What are 1NF, 2NF, and 3NF, and when would you intentionally denormalize?
1NF eliminates repeating groups and requires atomic column values. 2NF further removes partial dependencies on a composite key. 3NF removes transitive dependencies — every non-key column must depend on the key, the whole key, and nothing but the key. Denormalization trades update anomalies for read performance, and is appropriate when the read path dominates and write correctness can be enforced at the application layer or with materialized views.
How to think about it
What the question is really testing
This is a design philosophy question. The interviewer wants to know whether you understand why normal forms exist — to eliminate redundancy and protect data integrity — and whether you can make a pragmatic call about when breaking those rules is the right trade-off.
The three normal forms
The one-line mnemonic that covers all three: “The key, the whole key, and nothing but the key.”
1NF — Atomic values, no repeating groups
Every cell holds exactly one value. No comma-separated lists, no JSON blobs pretending to be columns.
-- Violates 1NF: multiple tags crammed into one column
CREATE TABLE articles (
id INT PRIMARY KEY,
title TEXT,
tags TEXT -- 'sql,performance,indexing' — not atomic
);
-- 1NF compliant: one value per cell
CREATE TABLE article_tags (
article_id INT REFERENCES articles(id),
tag TEXT,
PRIMARY KEY (article_id, tag)
);
2NF — No partial dependencies (applies only to composite keys)

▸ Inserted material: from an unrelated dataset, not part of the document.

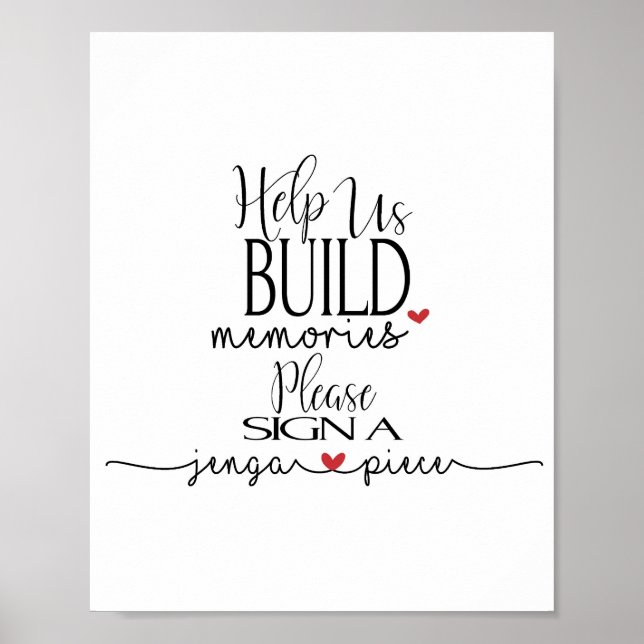 Erinnerungen bauen, ein Jenga-Hochzeitszeichen unt Poster (Vorne)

If the primary key is composite (two or more columns), every non-key column must depend on the whole key, not just part of it.
-- Violates 2NF: composite PK is (order_id, product_id)
-- but product_name depends only on product_id — a partial dependency
CREATE TABLE order_items (
order_id INT,
product_id INT,
product_name TEXT, -- partial dependency: only needs product_id
quantity INT,
PRIMARY KEY (order_id, product_id)
);
-- 2NF fix: move product_name to its own table
CREATE TABLE products (id INT PRIMARY KEY, name TEXT);
CREATE TABLE order_items (
order_id INT, product_id INT REFERENCES products(id),
quantity INT,
PRIMARY KEY (order_id, product_id)
);
3NF — No transitive dependencies
Non-key columns must depend directly on the primary key — not on another non-key column.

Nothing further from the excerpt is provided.